START Data for this exercise

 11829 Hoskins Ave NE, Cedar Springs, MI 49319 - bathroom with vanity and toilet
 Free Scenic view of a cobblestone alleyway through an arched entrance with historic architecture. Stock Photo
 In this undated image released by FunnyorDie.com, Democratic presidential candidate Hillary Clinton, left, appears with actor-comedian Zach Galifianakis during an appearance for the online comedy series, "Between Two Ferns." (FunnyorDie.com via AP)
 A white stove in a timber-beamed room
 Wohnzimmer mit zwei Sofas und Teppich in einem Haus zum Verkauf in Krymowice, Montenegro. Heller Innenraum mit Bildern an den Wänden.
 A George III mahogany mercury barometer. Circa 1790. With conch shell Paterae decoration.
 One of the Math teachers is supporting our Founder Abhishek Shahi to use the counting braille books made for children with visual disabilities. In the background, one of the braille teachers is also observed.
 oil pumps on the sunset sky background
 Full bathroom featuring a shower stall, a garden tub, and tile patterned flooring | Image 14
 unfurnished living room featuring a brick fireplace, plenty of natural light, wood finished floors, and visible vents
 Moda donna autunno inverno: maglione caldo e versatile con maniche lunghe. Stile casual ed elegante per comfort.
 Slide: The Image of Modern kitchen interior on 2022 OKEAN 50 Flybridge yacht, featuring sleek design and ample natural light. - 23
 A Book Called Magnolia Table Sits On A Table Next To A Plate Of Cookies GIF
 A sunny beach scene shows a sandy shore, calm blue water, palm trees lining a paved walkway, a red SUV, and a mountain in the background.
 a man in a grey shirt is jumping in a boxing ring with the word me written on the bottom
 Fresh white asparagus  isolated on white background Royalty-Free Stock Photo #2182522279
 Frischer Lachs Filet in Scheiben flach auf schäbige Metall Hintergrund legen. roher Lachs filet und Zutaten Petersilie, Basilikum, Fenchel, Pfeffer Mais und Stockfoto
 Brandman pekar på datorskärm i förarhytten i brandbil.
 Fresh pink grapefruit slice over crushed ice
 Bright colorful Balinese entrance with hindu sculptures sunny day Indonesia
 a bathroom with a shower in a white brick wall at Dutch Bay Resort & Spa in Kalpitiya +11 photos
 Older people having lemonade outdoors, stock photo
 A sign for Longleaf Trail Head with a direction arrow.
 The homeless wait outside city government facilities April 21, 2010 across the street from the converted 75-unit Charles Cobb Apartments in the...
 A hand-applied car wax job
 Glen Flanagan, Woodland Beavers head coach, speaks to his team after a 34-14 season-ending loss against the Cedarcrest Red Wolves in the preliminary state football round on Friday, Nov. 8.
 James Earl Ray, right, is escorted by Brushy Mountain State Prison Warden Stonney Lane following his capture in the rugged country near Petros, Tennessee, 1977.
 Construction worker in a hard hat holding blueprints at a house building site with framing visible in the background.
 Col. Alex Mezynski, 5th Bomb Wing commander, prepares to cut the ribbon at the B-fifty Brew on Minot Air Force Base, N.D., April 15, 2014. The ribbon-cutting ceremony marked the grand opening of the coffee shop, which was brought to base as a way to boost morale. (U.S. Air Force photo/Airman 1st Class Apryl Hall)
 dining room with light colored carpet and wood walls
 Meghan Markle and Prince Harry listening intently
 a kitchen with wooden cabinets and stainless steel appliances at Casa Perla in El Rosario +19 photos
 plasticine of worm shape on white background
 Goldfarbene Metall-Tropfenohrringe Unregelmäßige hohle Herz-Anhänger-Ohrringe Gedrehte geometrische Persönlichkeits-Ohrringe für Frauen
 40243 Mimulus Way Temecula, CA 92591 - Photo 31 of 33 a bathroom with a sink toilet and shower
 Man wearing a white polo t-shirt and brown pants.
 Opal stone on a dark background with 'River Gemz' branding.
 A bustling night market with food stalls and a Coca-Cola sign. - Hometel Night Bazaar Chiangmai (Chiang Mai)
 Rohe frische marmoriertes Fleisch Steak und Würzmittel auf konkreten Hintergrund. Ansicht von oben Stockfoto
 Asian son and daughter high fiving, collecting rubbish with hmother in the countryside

END Data for this exercise

— Task to complete —
Within the entries, find all lines holding "Metall" and copy each one.

— Exercise solution —
 Frischer Lachs Filet in Scheiben flach auf schäbige Metall Hintergrund legen. roher Lachs filet und Zutaten Petersilie, Basilikum, Fenchel, Pfeffer Mais und Stockfoto
 Goldfarbene Metall-Tropfenohrringe Unregelmäßige hohle Herz-Anhänger-Ohrringe Gedrehte geometrische Persönlichkeits-Ohrringe für Frauen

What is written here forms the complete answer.